Page 6, lines 189-194:  Again, is it valid to combine all the non-physicians?

Page 8. line 207: As Feudtner and others have delineated, "hope" needs to be unpacked. It seems the authors assume they know what participants meant.

Page 9: The authors should discuss how pediatric oncology HCPs should (or should not) distinguish their roles and practice from those of pediatric palliative care professionals.

Author Response

Please see the attachment.

Author Response File: Author Response.pdf

Reviewer 2 Report

Comments:

I don’t have major concerns at all, though I have several thoughts which I have included below.  With some minor adjustments this paper will add important guidance to HCPs participating in EOL care of Pediatric Haem/Onc patients and their families.  

-In the abstract, the conclusion as stated, seems to detract from the thrust of the paper, as it highlights the differences in HCP’s rather than what exactly the elements of what makes “good death”.

-In the introduction, I was surprised by the focus on improving education, as there is no hint of this as being a study meant to inform educational standards in the title and abstract.  That being said, it is a great reason to do this work! I think if it is a main desired outcome, then it could be inserted as a goal of the study in the abstract.

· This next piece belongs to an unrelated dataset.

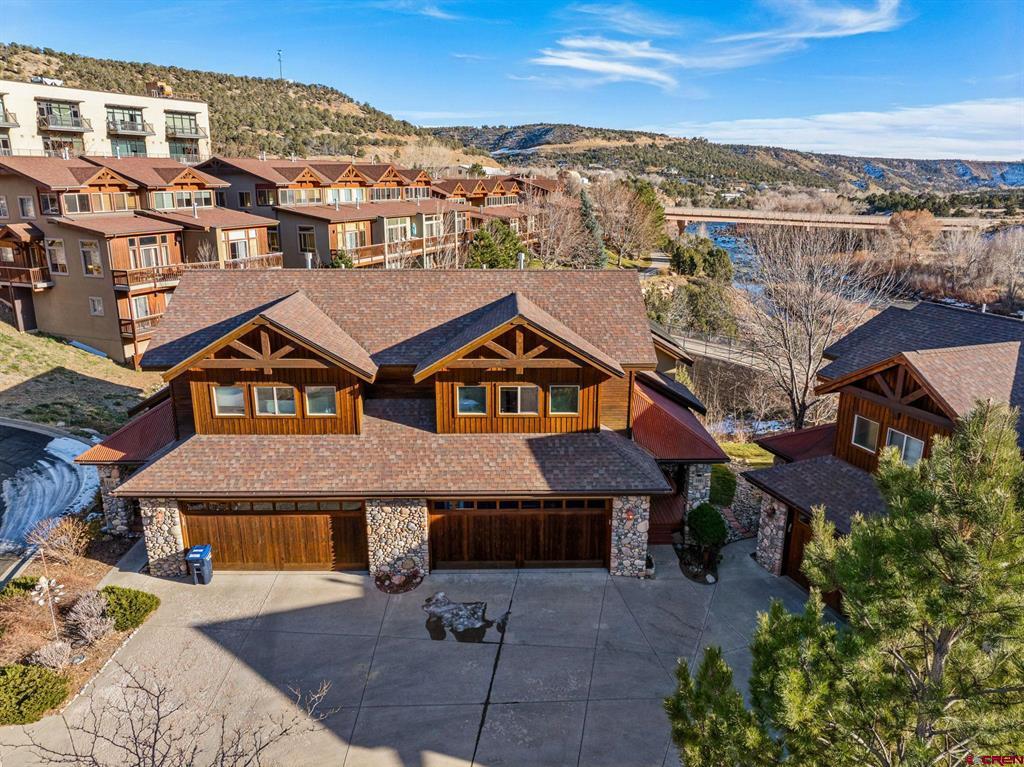 116 River Oaks Court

The main point the authors seem to be  driving at is: ‘Understanding what HCPs feel constitute a “good death” will contribute to improved PPC care.’  But in some ways this message is diluted in the introduction, by spending considerable time discussing barriers related to the population itself (not HCPs), and educational short falls.  

-I wondered whether instead of only years of experience and type of training, the statistics could have included number of children they cared of that died.  There are certainly pockets of Paeds Haem/Onc that see more death than others, so while experience is a worthy surrogate in most cases, I found myself wondering whether actual experience (“reps”) would have had a large effect on finding as well.  The data is already recorded, so it should be able to be done?

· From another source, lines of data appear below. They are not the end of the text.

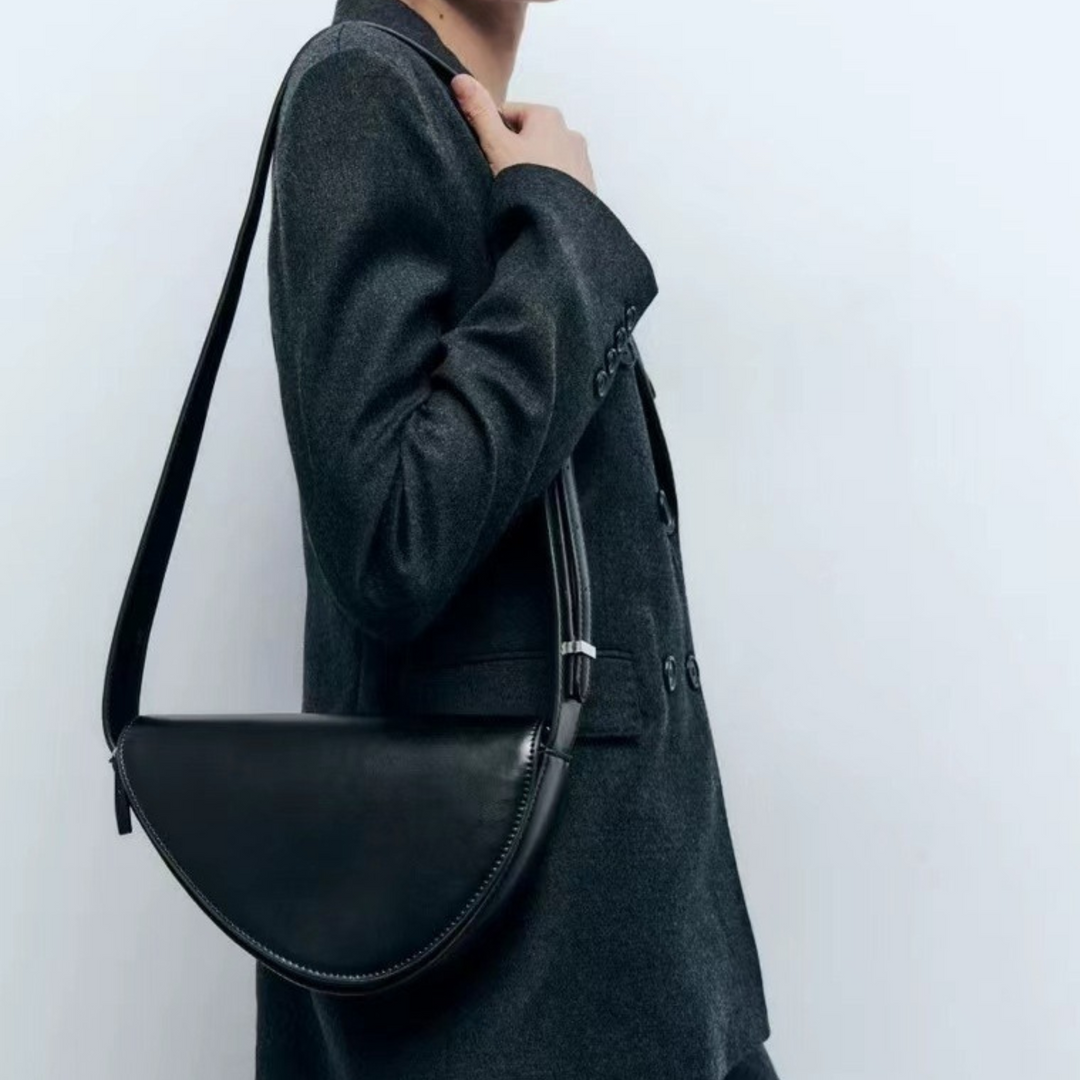 Antigone | Sandy Handbag - Black | Shut the Front Door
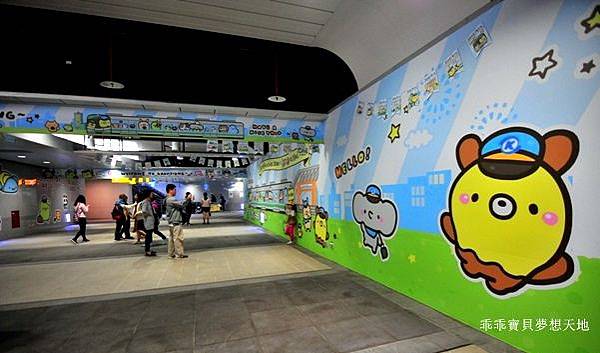 高雄市 特色捷運站 。 衛武營站 - 可愛壁飾 & 美麗島站 - 光之穹頂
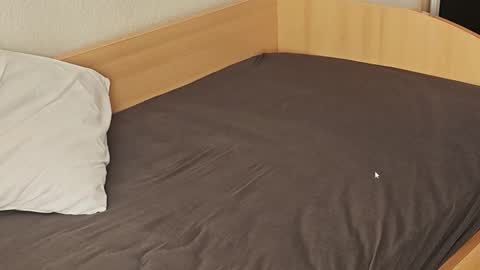 CoupleJuice online show from September 2025 12:49:02 PM
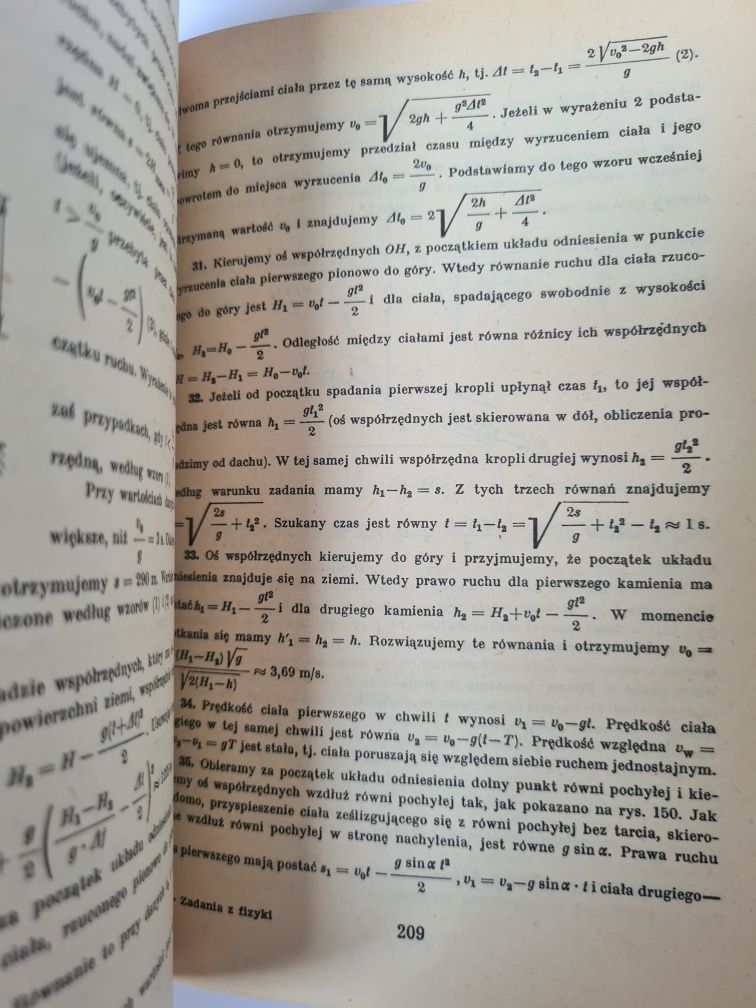 Zadania z fizyki dla kandydatów na wyższe uczelnie - Książka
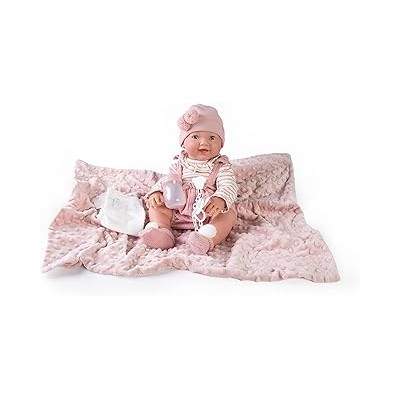 Recién Nacida Mia hace Pipí con manta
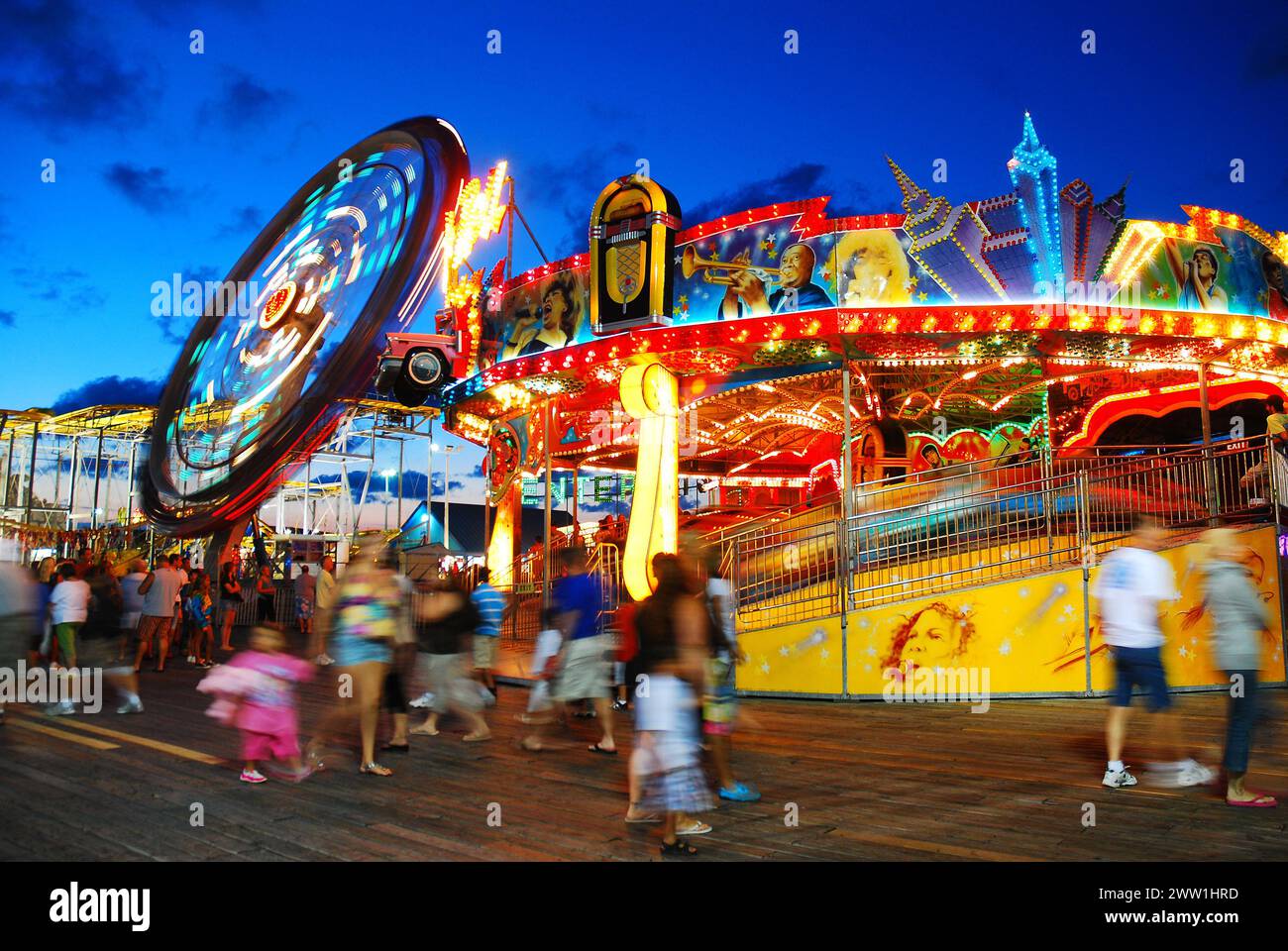 Giostre del parco divertimenti a Seaside Heights, New Jersey Shore Foto Stock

-In the results, I really liked the quotes added. I especially found it interesting that one of the themes was “acceptance”. Not as usually thought of with regards to patients/families, but rather the HCPs themselves! This is such an important message, as I am quite sure that many HCPs consideration that a death is “bad” is a reflection of their own demons as much as anything else.  This is also reflected in the bar graph which shows that failure is much more prevalent in the MD group.  

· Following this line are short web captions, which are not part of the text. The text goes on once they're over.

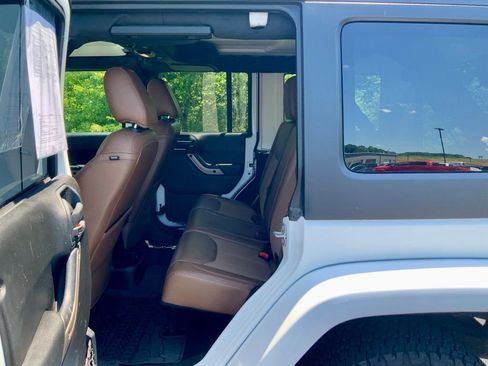 Used 2017 Jeep Wrangler Unlimited Sahara AWD/4WD image 22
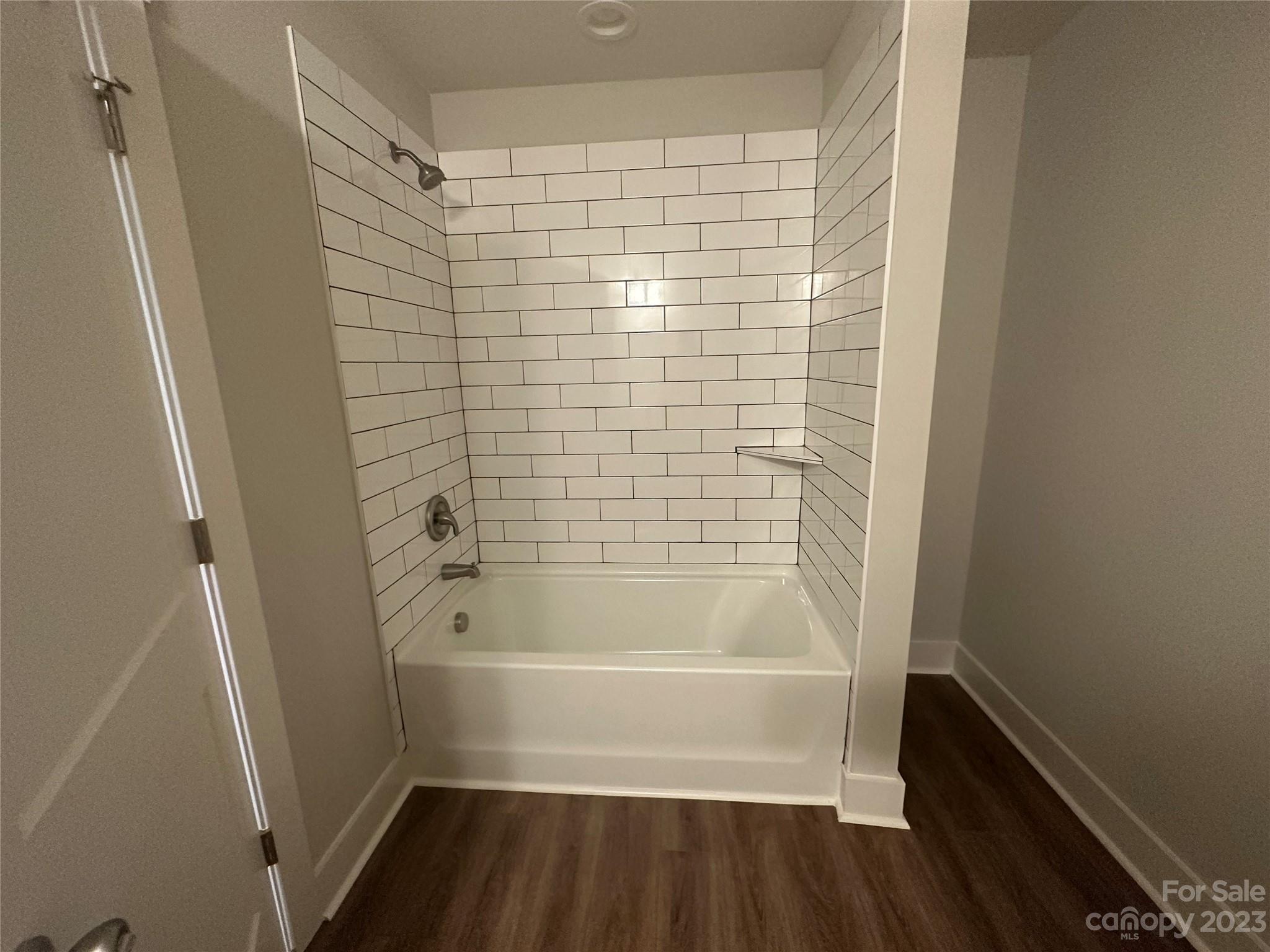 Sanders Landing - Residential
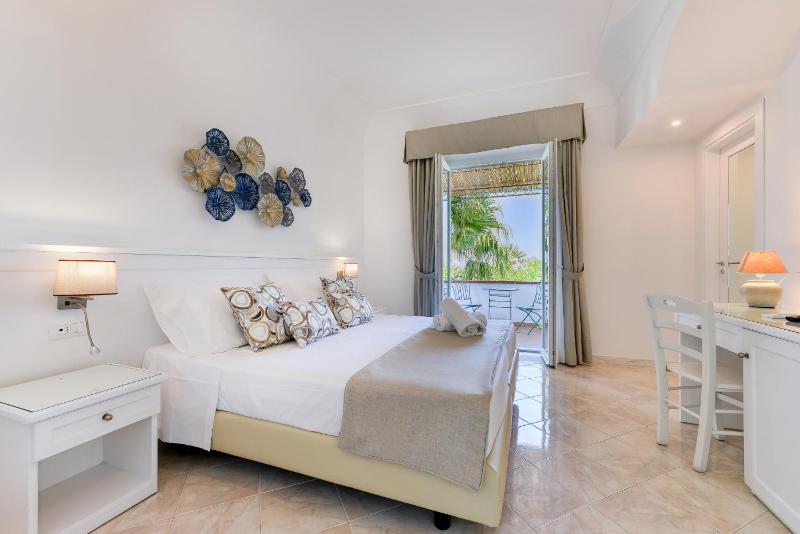 Double or Twin Room with Sea View image 4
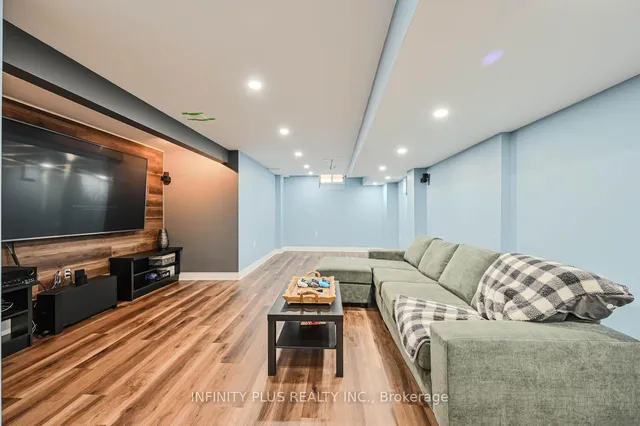 Additional image 31 of 3 Lacoste Blvd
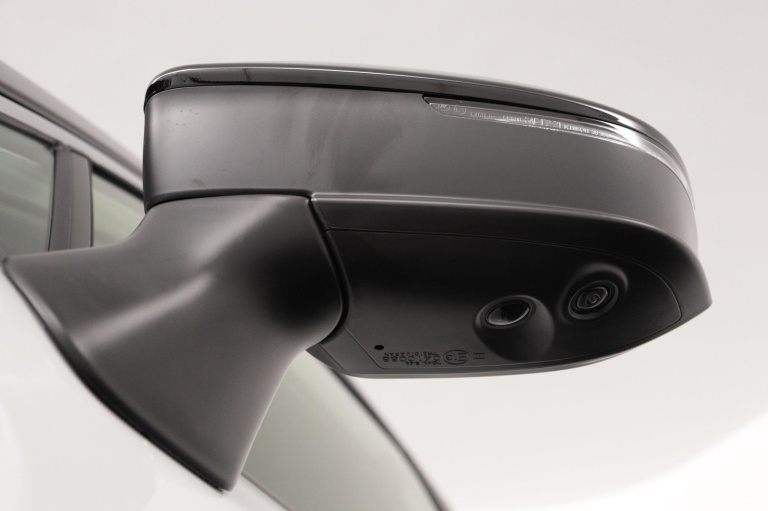 Toyota Corolla Cross - Hybrid 180 Executive 41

-Also the pressure HCPs place on themselves shone through, with the quote that we any pain not controlled is failure

-Very interesting that the HCP>10yrs loom like they just said less about everything as depicted in the graph about ‘quotes in theme’.  I wonder if the authors could expand on why they think that it, and what it means?

-In the discussion, I will reiterate that, while interesting, the focus on the differences in care providers in some ways detracts from the excellent work of identifying these critical elements of a “good death”, that the authors have attained in their study. I understand that they call for future research to ensure a variety of HCPs and experience levels, however, I think the tone of the discussion should err further on the side of making clear the areas that HCPs can focus on in helping families/children attain the best dying/death/bereavement experience possible  

Finally, I think that the authors must be very clear who the HCP’s are referring to in saying it was a good or bad death.  In other words, I think it is a very different thing to say, that “it was a good death for the patient/family”, than “I felt as a HCP it was a good death (or as good as we could manage)”  these are both important things, but the latter is more introspective, and personal on the part of the HCP. While the former is an interpretation of an external source of information 

Author Response

Please see the attachment.

Author Response File: Author Response.pdf

Round 2

Reviewer 1 Report

The authors have responded appropriately to reviewer comments.  The word "key" is overused and the number of times it is used should be reduced. 

Author Response

Thank you for noting the overuse of this word, and we agree.  We have eliminated all but two of the uses of the word "key."